EXERCISE INSTRUCTIONS:
A faithful, complete copy of the entries below is required, with images removed.

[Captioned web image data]
· · · ·
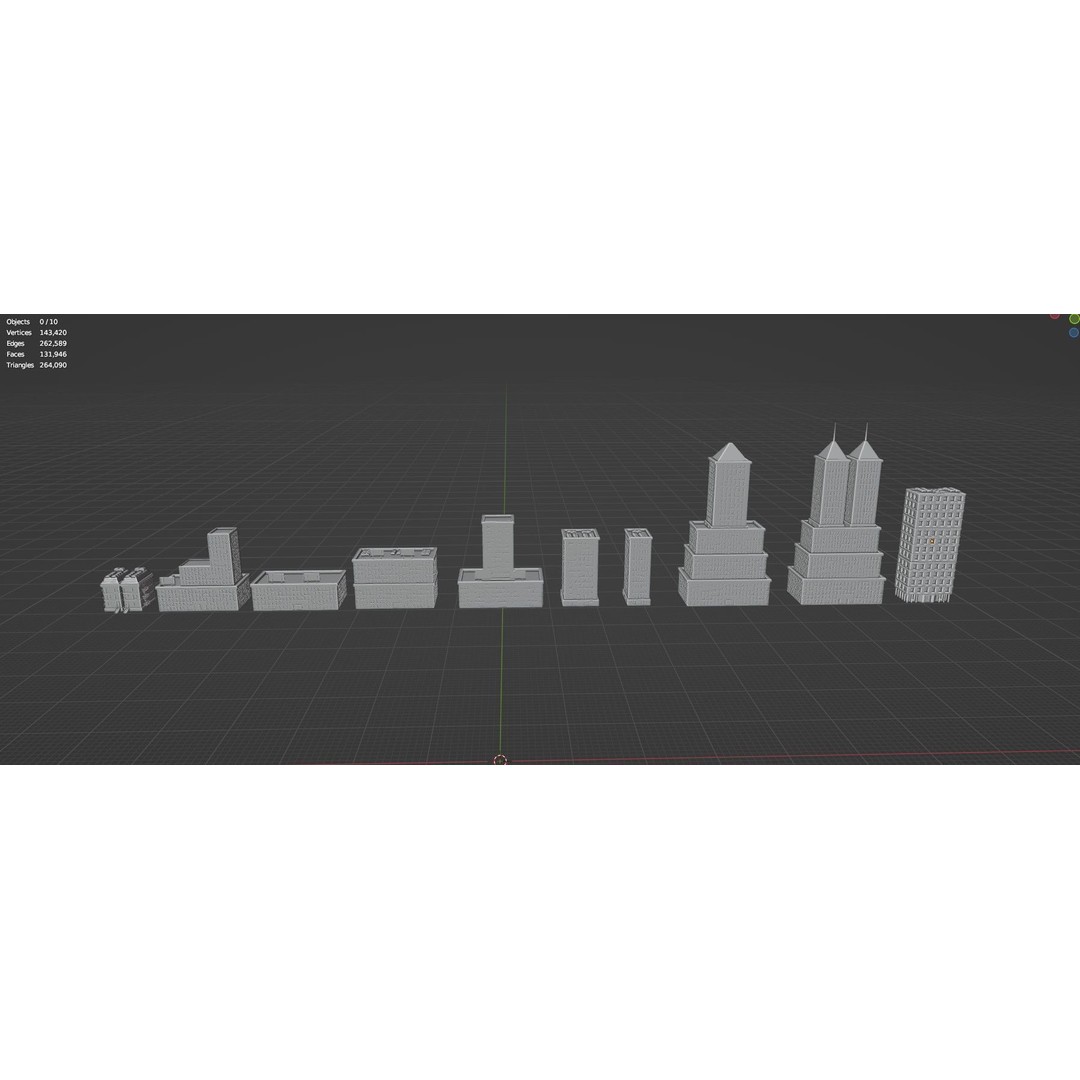 Low Poly City Buildings 3D Model – Game Ready Urban Asset Pack, FBX & OBJ - View 40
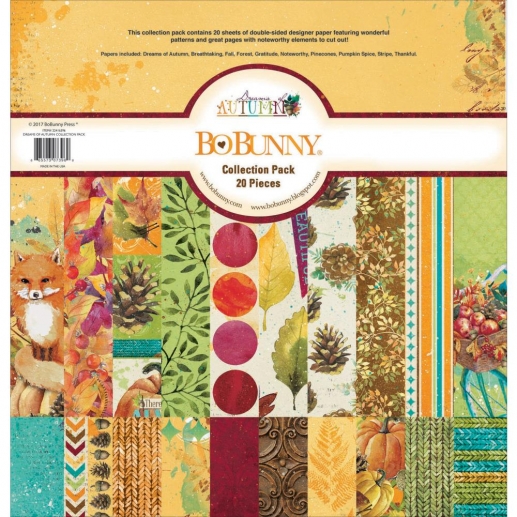 Paper Pack BoBunny Collection 12x12 Dreams of Autumn Scrapbooking Papper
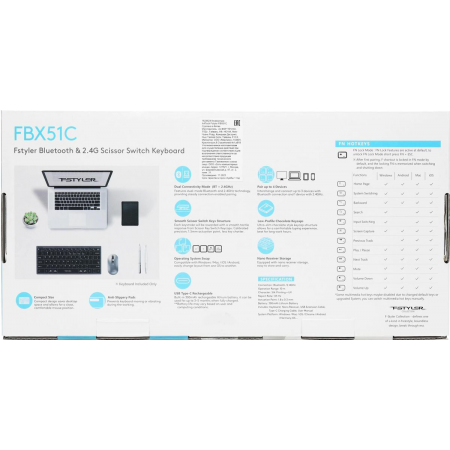 Клавиатура беспроводная A4Tech Fstyler FBX51C 1678116, фото , изображение 15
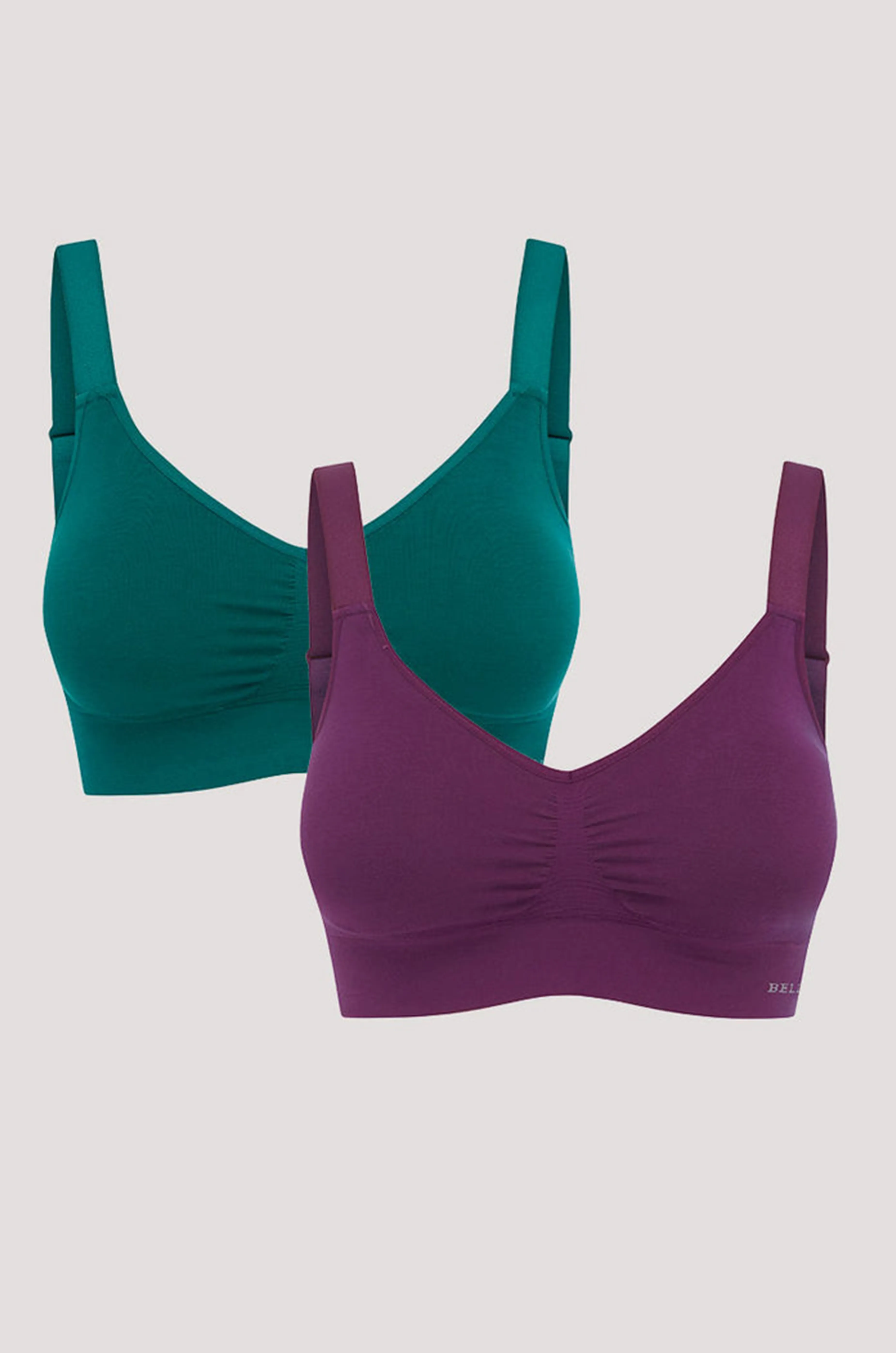 Bella Bamboo Ultimate Adjustable Crop Bra 2pk - No Returns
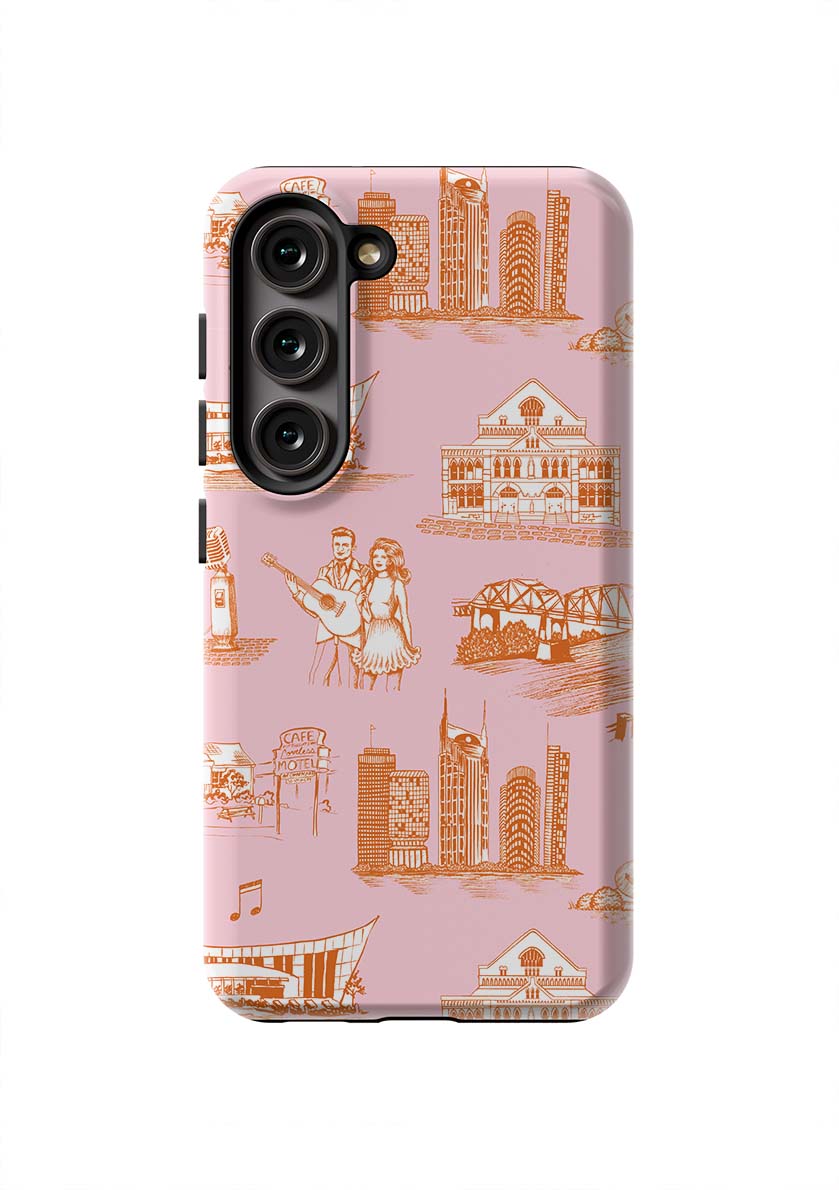 Nashville Toile Samsung Phone Case Phone Case Orange Pink / Galaxy S23 / Tough Katie Kime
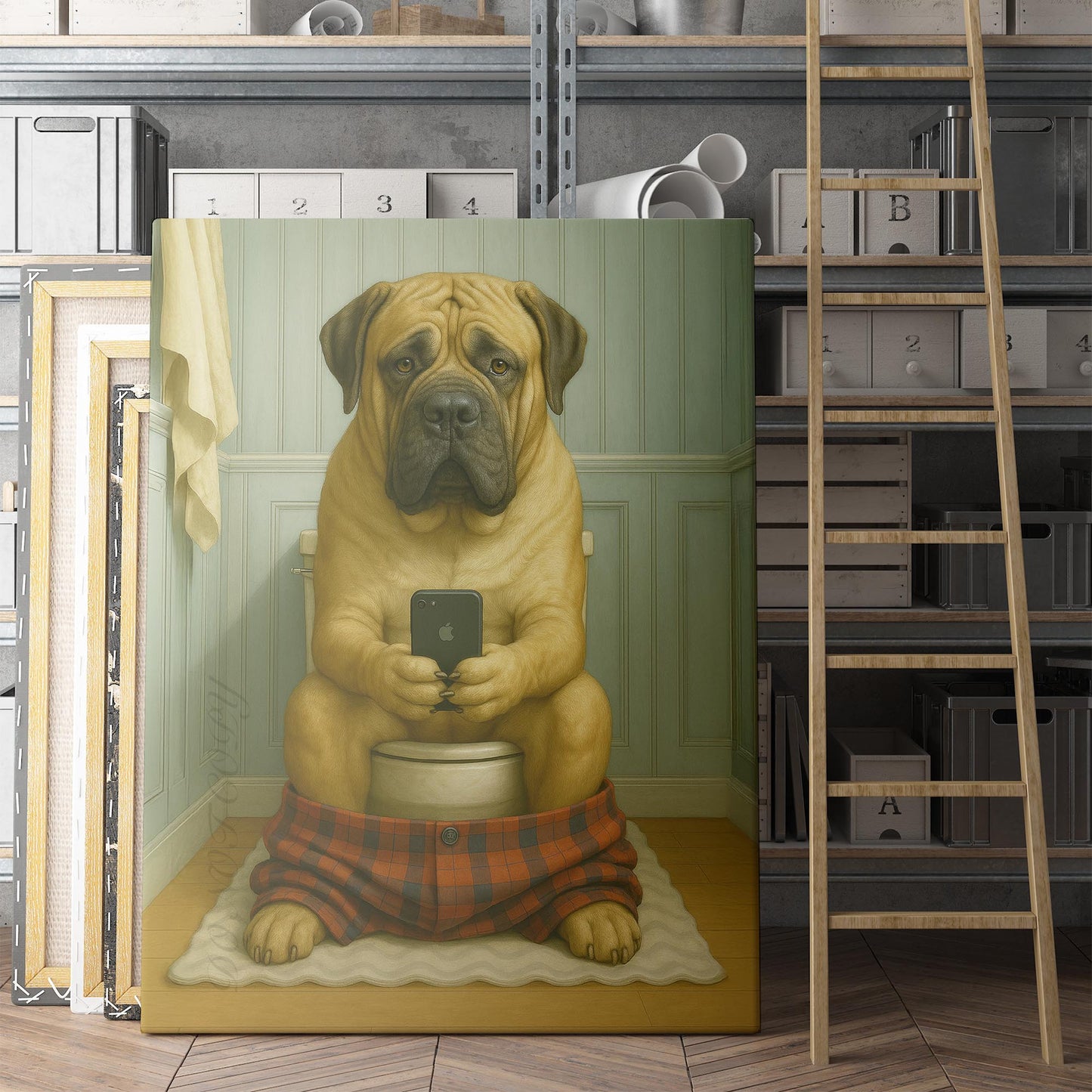 Mastiff Dog On The Phone On The Toilet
· · · ·
COMPLETED EXERCISE:
 Low Poly City Buildings 3D Model – Game Ready Urban Asset Pack, FBX & OBJ - View 40
 Paper Pack BoBunny Collection 12x12 Dreams of Autumn Scrapbooking Papper
 Клавиатура беспроводная A4Tech Fstyler FBX51C 1678116, фото , изображение 15
 Bella Bamboo Ultimate Adjustable Crop Bra 2pk - No Returns
 Nashville Toile Samsung Phone Case Phone Case Orange Pink / Galaxy S23 / Tough Katie Kime
 Mastiff Dog On The Phone On The Toilet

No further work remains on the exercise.